══ DATA SECTION

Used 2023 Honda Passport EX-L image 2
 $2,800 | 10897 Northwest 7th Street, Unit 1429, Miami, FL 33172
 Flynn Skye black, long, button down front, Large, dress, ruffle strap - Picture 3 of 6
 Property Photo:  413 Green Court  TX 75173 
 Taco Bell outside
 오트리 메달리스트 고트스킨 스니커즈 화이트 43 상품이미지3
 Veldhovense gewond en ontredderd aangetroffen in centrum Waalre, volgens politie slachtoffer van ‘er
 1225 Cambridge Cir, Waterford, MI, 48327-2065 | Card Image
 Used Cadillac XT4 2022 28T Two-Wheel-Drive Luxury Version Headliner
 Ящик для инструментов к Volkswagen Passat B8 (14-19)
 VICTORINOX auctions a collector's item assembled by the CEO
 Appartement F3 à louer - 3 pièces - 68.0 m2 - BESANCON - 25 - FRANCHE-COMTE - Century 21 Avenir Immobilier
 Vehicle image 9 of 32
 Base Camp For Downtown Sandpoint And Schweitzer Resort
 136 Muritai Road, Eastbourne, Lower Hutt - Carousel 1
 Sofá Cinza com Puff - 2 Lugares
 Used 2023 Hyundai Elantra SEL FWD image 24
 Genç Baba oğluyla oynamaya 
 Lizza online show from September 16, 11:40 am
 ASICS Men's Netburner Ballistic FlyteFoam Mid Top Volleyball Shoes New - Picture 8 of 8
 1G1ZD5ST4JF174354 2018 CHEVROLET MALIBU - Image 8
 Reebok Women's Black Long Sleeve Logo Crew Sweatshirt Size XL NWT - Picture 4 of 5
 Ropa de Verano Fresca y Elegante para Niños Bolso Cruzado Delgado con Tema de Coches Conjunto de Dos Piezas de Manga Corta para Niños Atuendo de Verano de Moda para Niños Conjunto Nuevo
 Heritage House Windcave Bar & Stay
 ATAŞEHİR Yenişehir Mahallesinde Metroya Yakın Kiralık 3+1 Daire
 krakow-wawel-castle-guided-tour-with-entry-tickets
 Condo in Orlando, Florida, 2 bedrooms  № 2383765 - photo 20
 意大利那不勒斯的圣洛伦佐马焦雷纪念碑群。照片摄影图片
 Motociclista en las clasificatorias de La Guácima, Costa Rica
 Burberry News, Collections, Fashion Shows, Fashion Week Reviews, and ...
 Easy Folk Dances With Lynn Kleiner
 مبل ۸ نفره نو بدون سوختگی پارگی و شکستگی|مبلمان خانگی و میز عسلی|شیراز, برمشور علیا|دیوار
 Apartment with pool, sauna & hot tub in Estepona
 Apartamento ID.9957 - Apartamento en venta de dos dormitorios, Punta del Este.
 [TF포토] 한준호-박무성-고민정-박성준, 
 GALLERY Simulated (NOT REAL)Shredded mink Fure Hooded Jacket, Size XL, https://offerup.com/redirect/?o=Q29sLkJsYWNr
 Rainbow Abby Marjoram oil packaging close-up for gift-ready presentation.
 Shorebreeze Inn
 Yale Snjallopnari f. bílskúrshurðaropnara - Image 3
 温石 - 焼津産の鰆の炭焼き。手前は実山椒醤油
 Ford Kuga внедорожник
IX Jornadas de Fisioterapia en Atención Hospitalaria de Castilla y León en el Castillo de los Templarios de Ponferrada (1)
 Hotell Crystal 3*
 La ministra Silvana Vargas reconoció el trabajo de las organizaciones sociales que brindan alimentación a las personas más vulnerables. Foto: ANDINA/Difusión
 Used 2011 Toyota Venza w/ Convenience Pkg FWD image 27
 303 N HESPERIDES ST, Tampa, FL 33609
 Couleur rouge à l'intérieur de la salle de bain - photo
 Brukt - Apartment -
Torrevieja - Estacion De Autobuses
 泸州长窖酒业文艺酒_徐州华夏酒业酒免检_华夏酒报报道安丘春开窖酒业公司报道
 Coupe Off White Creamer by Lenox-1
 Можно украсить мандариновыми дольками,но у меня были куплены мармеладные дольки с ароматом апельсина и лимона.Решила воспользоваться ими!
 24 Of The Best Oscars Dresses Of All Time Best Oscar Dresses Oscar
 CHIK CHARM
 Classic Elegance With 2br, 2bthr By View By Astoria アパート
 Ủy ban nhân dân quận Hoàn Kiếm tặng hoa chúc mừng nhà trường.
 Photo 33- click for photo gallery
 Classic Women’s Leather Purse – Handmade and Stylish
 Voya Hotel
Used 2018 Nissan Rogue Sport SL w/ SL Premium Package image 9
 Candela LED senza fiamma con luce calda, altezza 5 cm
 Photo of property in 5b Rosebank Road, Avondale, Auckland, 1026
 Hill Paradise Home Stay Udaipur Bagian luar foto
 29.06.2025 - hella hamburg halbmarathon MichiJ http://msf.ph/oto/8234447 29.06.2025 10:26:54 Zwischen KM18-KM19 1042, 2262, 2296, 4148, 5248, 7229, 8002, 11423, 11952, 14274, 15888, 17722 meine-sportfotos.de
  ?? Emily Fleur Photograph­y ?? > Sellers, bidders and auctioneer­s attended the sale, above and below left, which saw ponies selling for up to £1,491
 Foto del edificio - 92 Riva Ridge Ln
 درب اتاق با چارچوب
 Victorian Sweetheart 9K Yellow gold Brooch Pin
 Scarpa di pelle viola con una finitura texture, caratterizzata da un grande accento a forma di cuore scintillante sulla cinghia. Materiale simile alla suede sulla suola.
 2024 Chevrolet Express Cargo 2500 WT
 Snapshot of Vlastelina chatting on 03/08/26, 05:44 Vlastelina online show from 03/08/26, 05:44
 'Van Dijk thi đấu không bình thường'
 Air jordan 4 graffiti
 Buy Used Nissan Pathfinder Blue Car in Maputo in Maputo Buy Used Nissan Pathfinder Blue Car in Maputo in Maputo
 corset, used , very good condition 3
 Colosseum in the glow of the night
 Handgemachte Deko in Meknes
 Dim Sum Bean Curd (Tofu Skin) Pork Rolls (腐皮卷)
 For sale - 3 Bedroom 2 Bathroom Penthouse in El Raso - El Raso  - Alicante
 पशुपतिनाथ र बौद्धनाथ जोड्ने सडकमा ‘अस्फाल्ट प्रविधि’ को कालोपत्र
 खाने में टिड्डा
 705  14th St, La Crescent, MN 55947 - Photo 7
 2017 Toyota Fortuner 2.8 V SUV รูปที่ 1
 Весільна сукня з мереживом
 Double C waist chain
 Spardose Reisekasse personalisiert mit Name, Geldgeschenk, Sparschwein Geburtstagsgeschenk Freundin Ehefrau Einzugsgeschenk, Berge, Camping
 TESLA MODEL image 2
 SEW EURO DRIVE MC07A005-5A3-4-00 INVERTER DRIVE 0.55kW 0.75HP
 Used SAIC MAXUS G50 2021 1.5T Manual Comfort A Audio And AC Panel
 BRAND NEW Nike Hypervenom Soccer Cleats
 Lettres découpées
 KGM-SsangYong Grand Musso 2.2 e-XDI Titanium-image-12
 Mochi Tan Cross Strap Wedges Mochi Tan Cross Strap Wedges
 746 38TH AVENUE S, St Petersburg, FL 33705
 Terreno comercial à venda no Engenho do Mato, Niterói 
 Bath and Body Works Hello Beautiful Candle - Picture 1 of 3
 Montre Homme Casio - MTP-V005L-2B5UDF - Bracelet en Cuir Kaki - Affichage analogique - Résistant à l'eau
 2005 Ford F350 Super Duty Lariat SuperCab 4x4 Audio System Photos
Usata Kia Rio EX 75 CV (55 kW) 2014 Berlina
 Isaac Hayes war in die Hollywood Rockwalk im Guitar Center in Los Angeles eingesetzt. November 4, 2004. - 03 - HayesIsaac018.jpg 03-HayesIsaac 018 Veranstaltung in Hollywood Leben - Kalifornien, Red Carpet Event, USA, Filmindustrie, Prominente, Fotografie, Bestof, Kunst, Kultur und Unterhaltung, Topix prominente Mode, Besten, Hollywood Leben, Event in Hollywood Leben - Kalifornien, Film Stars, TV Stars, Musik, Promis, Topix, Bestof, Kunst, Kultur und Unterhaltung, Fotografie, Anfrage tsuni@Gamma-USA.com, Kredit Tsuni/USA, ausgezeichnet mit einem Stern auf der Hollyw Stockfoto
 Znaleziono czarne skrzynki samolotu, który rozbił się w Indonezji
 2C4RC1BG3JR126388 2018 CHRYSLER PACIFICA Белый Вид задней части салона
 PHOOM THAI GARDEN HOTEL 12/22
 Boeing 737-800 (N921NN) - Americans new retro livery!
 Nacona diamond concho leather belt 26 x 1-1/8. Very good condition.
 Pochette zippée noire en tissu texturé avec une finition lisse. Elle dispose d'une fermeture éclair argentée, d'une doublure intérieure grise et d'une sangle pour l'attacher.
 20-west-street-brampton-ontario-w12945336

════

◆ WHAT THE TASK ASKS
Up to and including the line with "Vehicle image 9 of 32", please return the records exactly, beginning from their first line.

◆ SOLUTION FOR THIS TASK
Used 2023 Honda Passport EX-L image 2
 $2,800 | 10897 Northwest 7th Street, Unit 1429, Miami, FL 33172
 Flynn Skye black, long, button down front, Large, dress, ruffle strap - Picture 3 of 6
 Property Photo:  413 Green Court  TX 75173 
 Taco Bell outside
 오트리 메달리스트 고트스킨 스니커즈 화이트 43 상품이미지3
 Veldhovense gewond en ontredderd aangetroffen in centrum Waalre, volgens politie slachtoffer van ‘er
 1225 Cambridge Cir, Waterford, MI, 48327-2065 | Card Image
 Used Cadillac XT4 2022 28T Two-Wheel-Drive Luxury Version Headliner
 Ящик для инструментов к Volkswagen Passat B8 (14-19)
 VICTORINOX auctions a collector's item assembled by the CEO
 Appartement F3 à louer - 3 pièces - 68.0 m2 - BESANCON - 25 - FRANCHE-COMTE - Century 21 Avenir Immobilier
 Vehicle image 9 of 32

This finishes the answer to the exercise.